_WHAT THE TASK ASKS_. From the records below, extract only the lines running from the line with "BLEACH 메지루시 액세서리 3 천년혈전편 히라코 신지 쿠로사키 이치고" to the line with "Palace Blanc", both lines included, reproducing them exactly.

_THE DATA_.

● ● ● ● ● ● ●

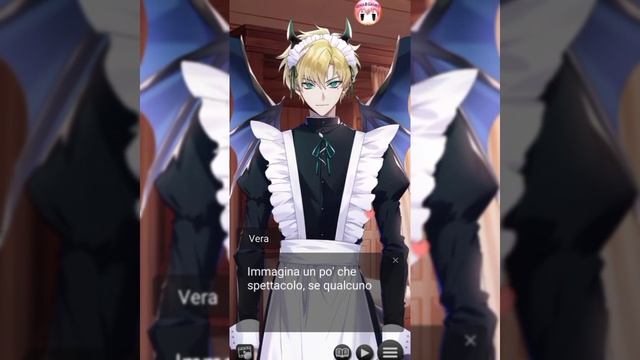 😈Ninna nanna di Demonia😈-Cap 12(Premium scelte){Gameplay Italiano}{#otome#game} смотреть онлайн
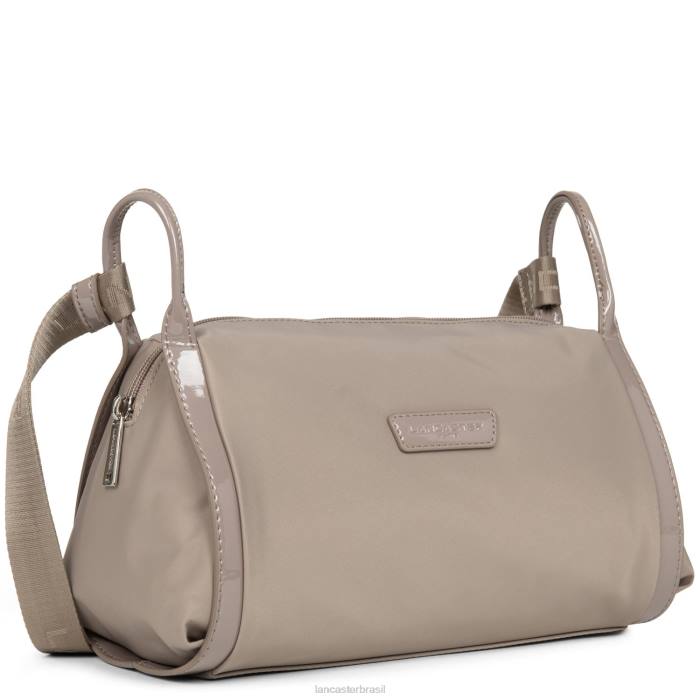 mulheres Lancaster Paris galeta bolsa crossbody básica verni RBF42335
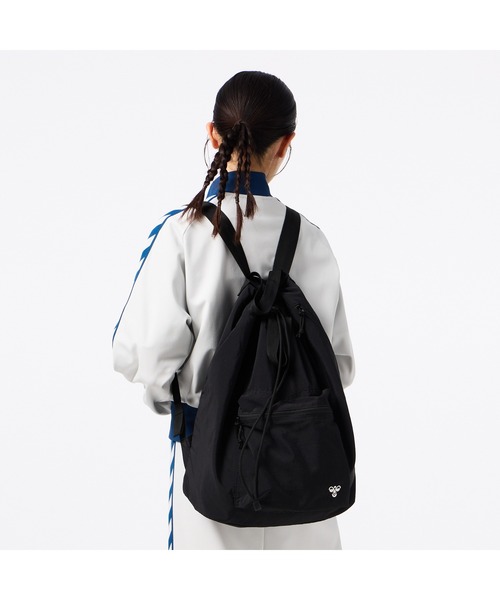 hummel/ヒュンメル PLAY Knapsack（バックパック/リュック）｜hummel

● ● ● ● ● ● ●

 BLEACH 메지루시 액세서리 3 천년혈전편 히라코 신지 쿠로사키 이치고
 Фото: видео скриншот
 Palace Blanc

● ● ● ● ● ● ●

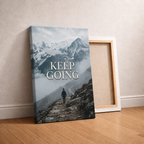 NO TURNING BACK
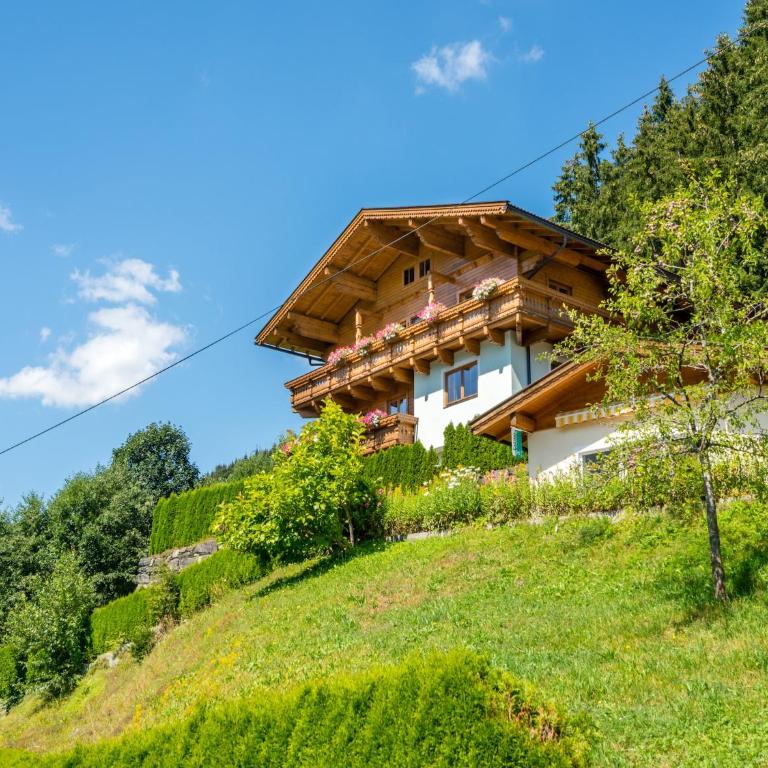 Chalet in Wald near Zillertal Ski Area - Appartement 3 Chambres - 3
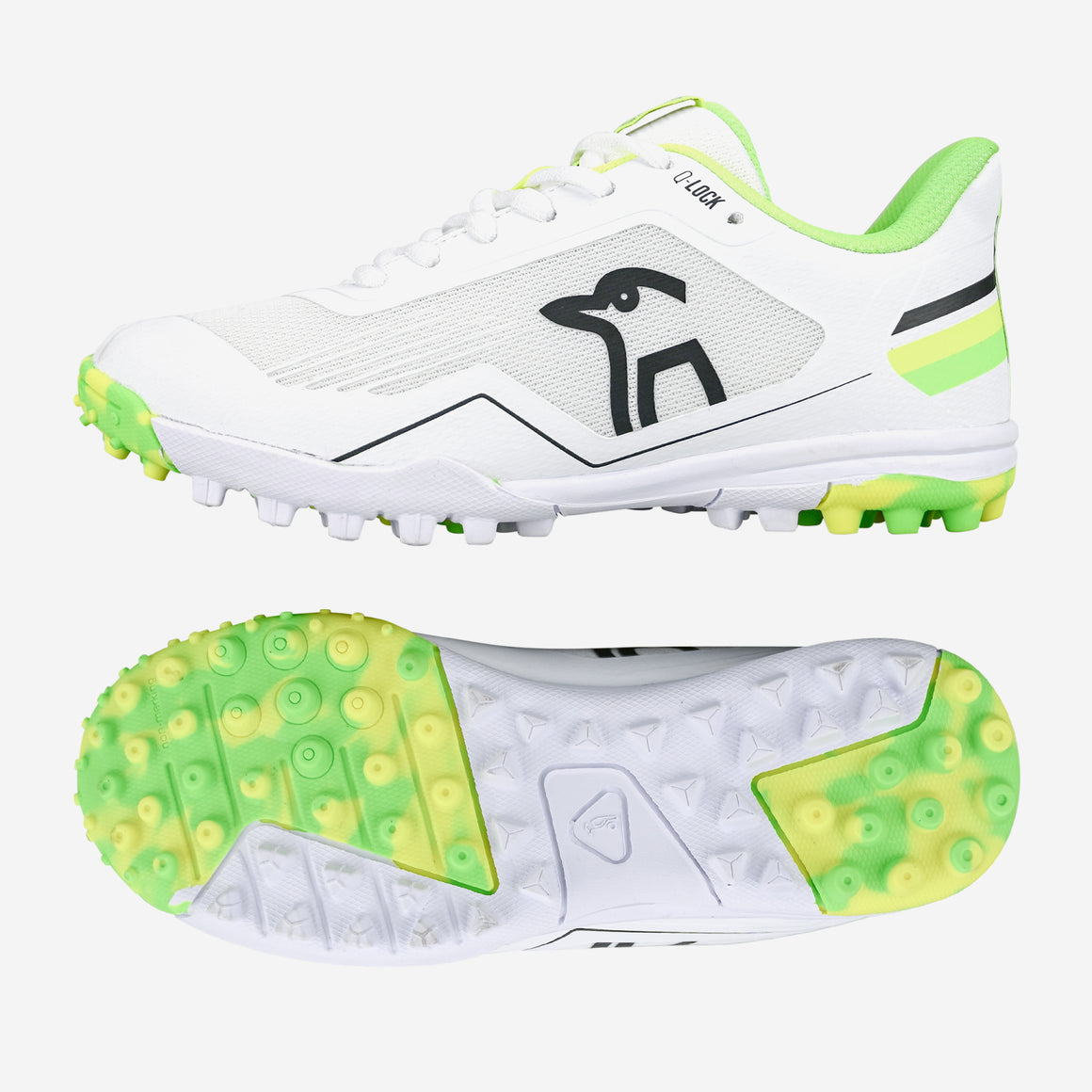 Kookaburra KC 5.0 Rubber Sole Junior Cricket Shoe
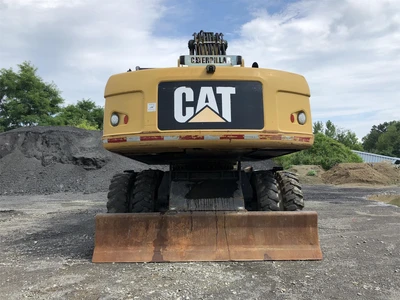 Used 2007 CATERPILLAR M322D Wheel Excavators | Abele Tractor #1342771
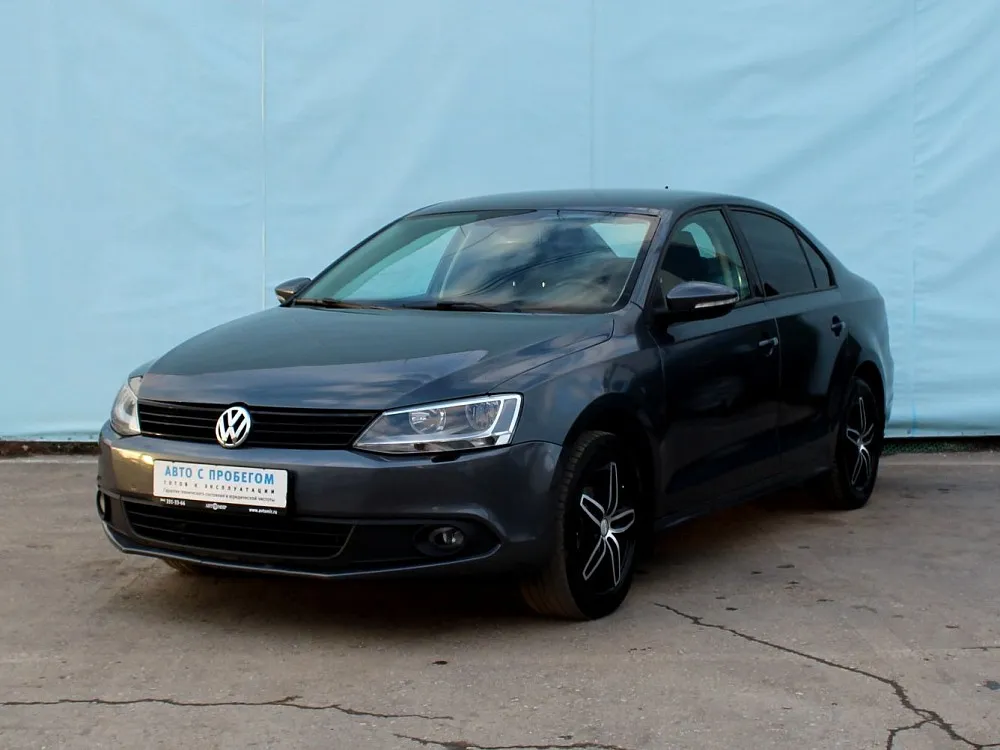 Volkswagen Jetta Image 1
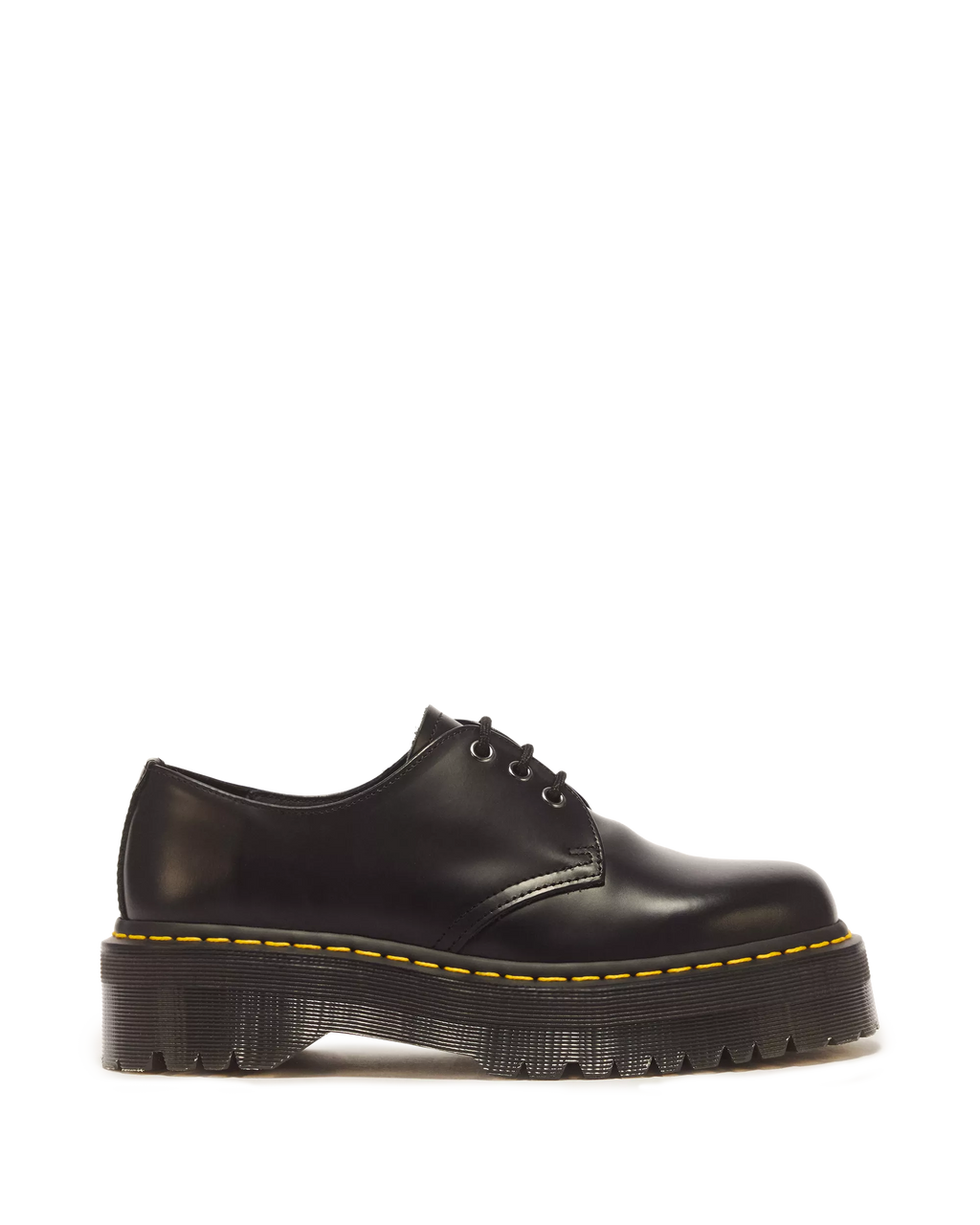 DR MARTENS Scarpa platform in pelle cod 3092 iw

● ● ● ● ● ● ●

_EXERCISE ANSWER_.
 BLEACH 메지루시 액세서리 3 천년혈전편 히라코 신지 쿠로사키 이치고
 Фото: видео скриншот
 Palace Blanc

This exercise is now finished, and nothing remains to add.